Da una parte le aziende italiane attribuiscono come motivazione a questo fenomeno,  una eccessiva burocrazia in Italia nell’intraprendere nuovi progetti e investimenti imprenditoriali  e una forte pressione fiscale che frena lo sviluppo e la crescita delle aziende stesse.
Dall’altra stiamo assistendo  ad una assenza di politiche capaci di contrastare il fenomeno della fuga delle aziende italiane all’estero. Ricordiamo che in Italia secondo le stime dell’Istat,da marzo 2009 a marzo 2010 il numero di occupati in Italia è diminuito di 367 mila unità.
Dobbiamo aggiungere che appare  piuttosto strana la logica imprenditoriale di alcune aziende: quando si tratta di favorire la nascita di un tessuto industriale, si reclamano incentivi ed agevolazioni e appena  i fondi nazionali per poter garantire queste ultime non bastano , allora si portano le aziende in paesi in cui è più  facile usare e sfruttare la manodopera .

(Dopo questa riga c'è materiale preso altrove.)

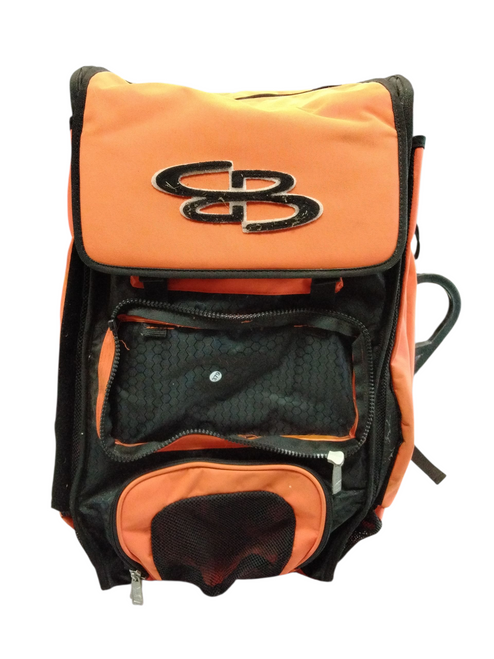 Vist Large View of Product Image Which is Used BoomBah SUPERPACK BB/SB Player Backpack Orange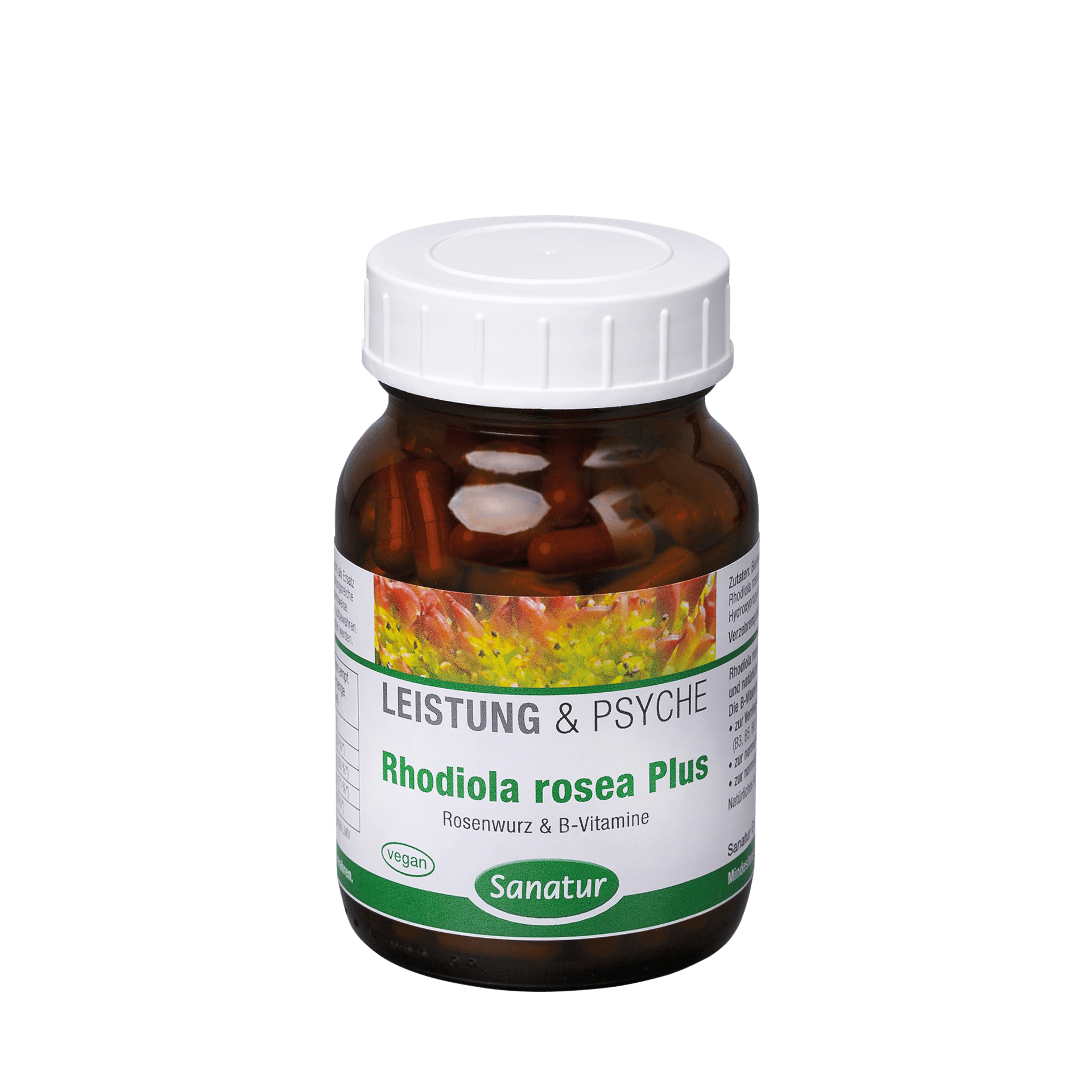 Rhodiola rosea Plus, 180 Kapseln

La conseguenza a tutto ciò è la perdita di posti di lavoro,aumento della cassa integrazione, aumento della povertà nel nostro paese.
Il problema  è che sia a livello politico e sia a livello imprenditoriale,si pensa che il concetto  di sviluppo e di benessere  legato esclusivamente ad aspetti utilitaristici , di interessi  individualistici , dimenticando che ogni volta che indirizziamo il nostro interesse unicamente verso questa direzione  tralasciando gli aspetti etici , umani, di uno sviluppo sostenibile finiamo per creare dei gravi squilibri sociali e crolli economici non solo a livello nazionale ma anche globale.
Basta fare alcuni esempi per rendersi conto di come alcune aziende Italiane hanno investito in questi ultimi anni:

– FIAT : stabilimenti aperti in Polonia, Serbia, Russia, Brasile, Argentina. Persi in Italia 20.000 posti di lavoro;
– BIALETTI: fabbrica in Cina, ed i lavoratori di Omegna vengono licenziati;
– OMSA: stabilimento in Serbia, cassa integrazione per 320 lavoratrici italiane;
-TELECOM ITALIA: call center in Albania,Tunisia, Romania, Turchia per un totale di circa 600 lavoratori;
– WIND: call center in Romania ed Albania per un totale di circa 300 lavoratori impiegati;
– VODAFONE: call center in Romania per un totale di circa 300 lavoratori;
– SKY ITALIA: call center in Albania per un totale di circa 250 lavoratori impiegati.

Da questa panoramica emerge una tendenza che va sempre più diffondendosi, con conseguenze non positivo sul versante occupazionale del  nostro paese, per cui si spera in una presa di coscienza del problema con interventi  che favoriscano la crescita e lo sviluppo delle imprese Italiane e che contrastino le delocalizzazioni.